> [Requirement]: Print the whole listing again exactly as it stands, leaving out any images.

> [Supplied information]:

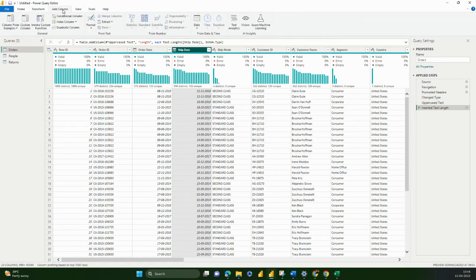Then you have Add Column. If you see Date, Time, Duration, Statistics, Trigonometry, Extract, Merge Column — all these options that were in Transform are there as well. The only difference is that a new column gets added instead of transforming the existing one.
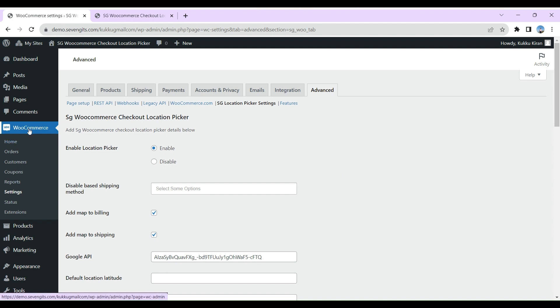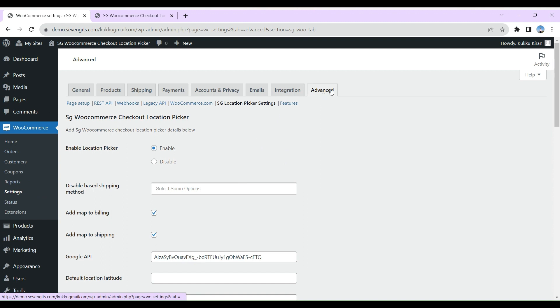The settings page should look like this. Go to WooCommerce Settings, then the Advanced tab, then the SG Location Picker Settings tab.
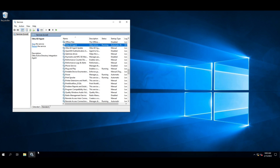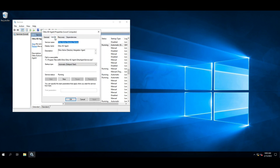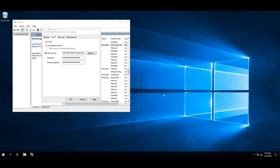Find the Okta AD Agent service, right-click, and select Properties. Click the Logon tab and enter the new password in the Password and Confirm Password fields. Select OK and then select OK again.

> [Finished task]:
Then you have Add Column. If you see Date, Time, Duration, Statistics, Trigonometry, Extract, Merge Column — all these options that were in Transform are there as well. The only difference is that a new column gets added instead of transforming the existing one.
The settings page should look like this. Go to WooCommerce Settings, then the Advanced tab, then the SG Location Picker Settings tab.
Find the Okta AD Agent service, right-click, and select Properties. Click the Logon tab and enter the new password in the Password and Confirm Password fields. Select OK and then select OK again.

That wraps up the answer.